→ **ASSIGNMENT**: Below is a listing with pictures. Repeat exactly the lines starting at the one holding "White cotton silk" and going on through the one holding "Clogged Dryer Vent Cleaning Hurst - TX", and leave every picture out.

##### RECORDS FOR THIS EXERCISE #####

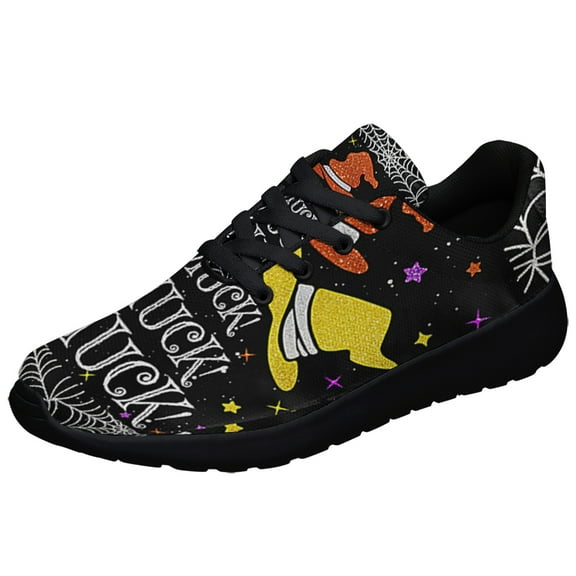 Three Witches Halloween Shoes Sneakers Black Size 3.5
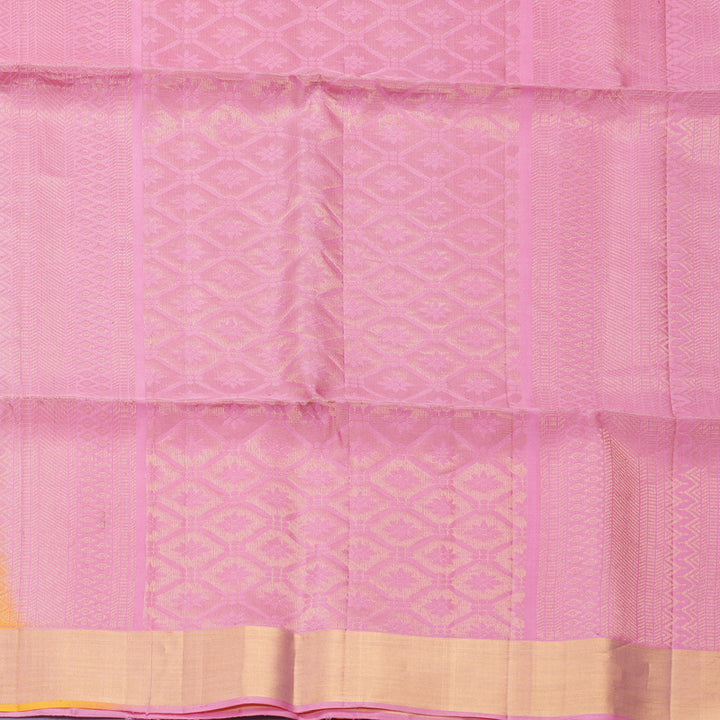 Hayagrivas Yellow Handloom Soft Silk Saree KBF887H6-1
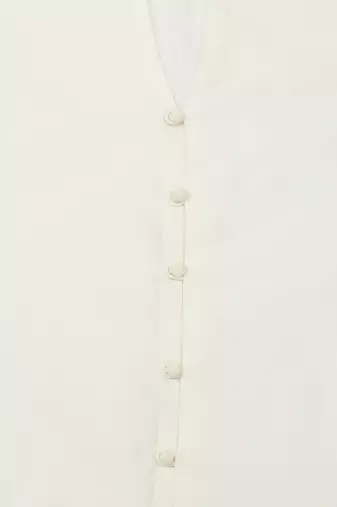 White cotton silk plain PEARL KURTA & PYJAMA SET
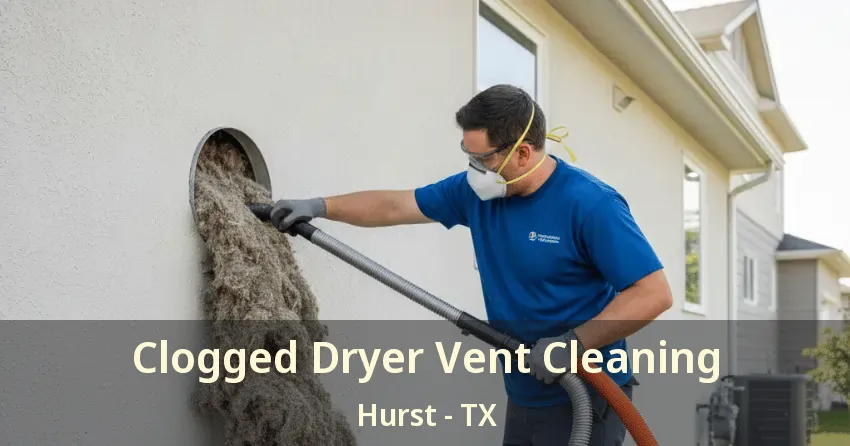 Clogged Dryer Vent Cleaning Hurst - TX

#####
##### RECORDS FOR THIS EXERCISE #####

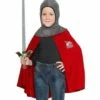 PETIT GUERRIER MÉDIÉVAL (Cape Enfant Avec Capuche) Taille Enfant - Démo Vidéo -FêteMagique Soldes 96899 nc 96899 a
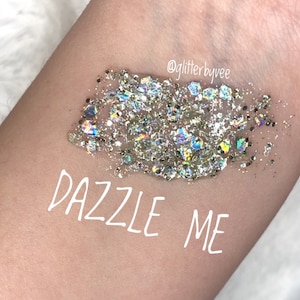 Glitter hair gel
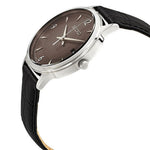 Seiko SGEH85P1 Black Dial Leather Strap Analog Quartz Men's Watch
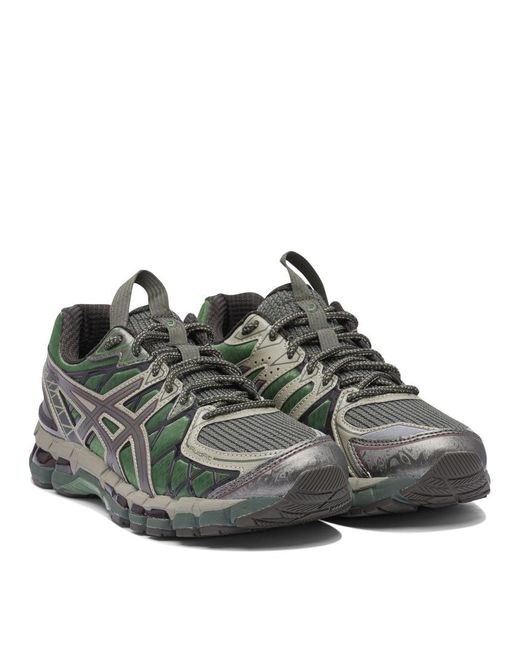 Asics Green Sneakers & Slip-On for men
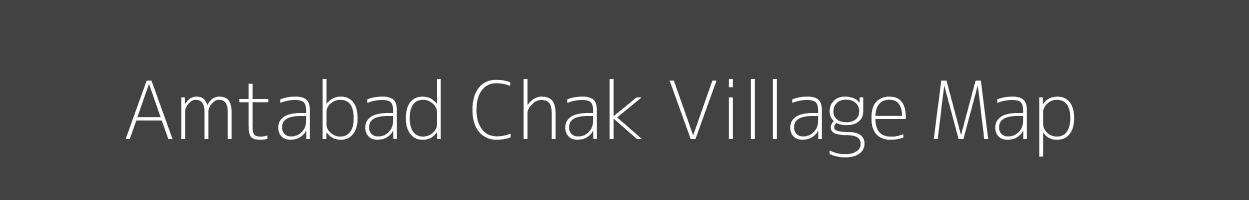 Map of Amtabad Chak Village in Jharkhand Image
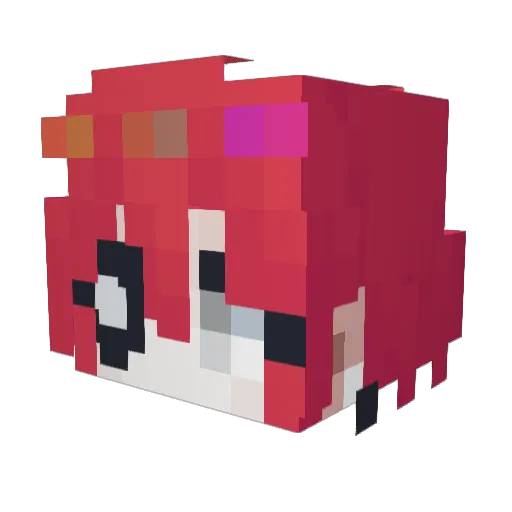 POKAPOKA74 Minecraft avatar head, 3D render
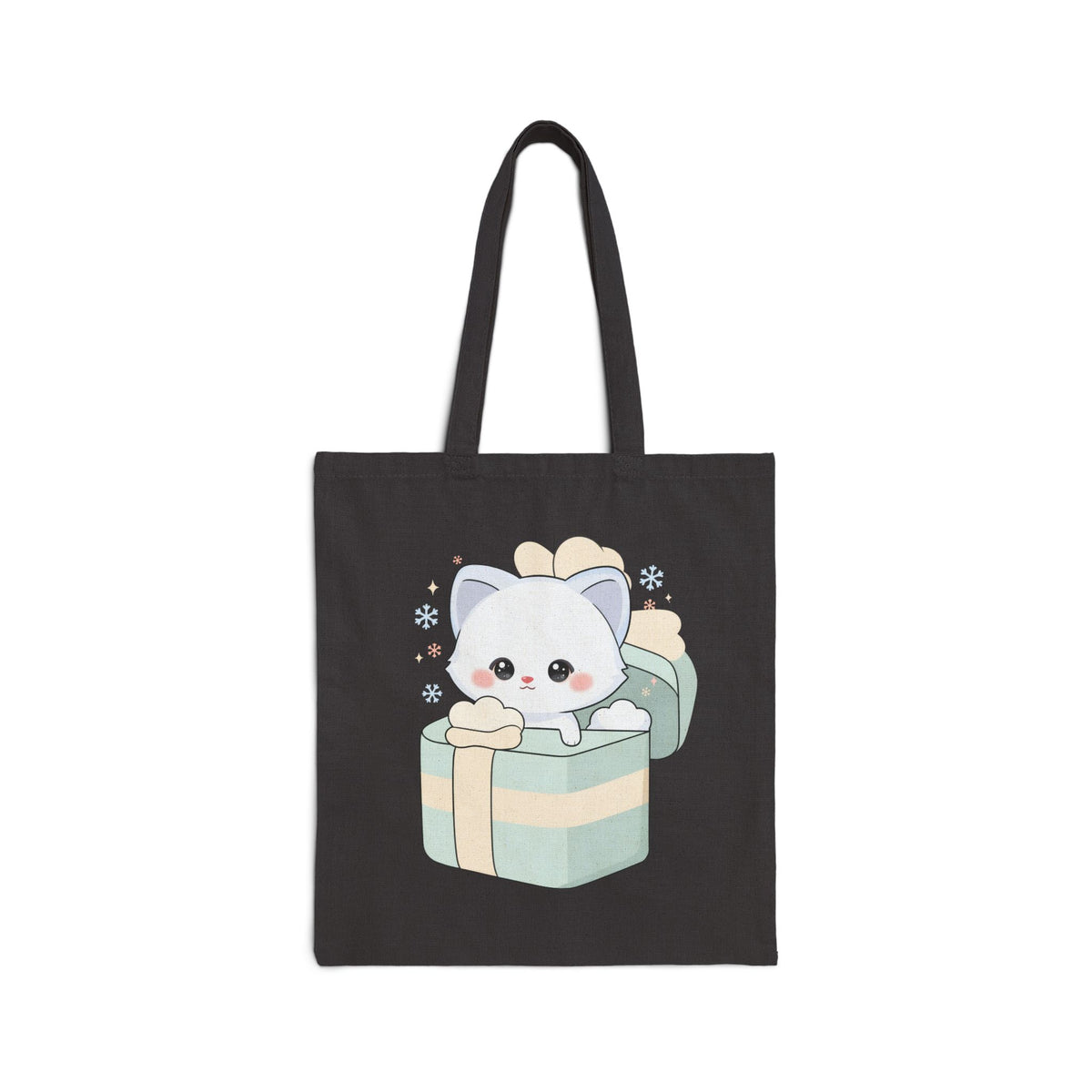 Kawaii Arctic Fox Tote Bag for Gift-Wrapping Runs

#####

→ **WRITTEN RESPONSE**:
 White cotton silk plain PEARL KURTA & PYJAMA SET
 Clogged Dryer Vent Cleaning Hurst - TX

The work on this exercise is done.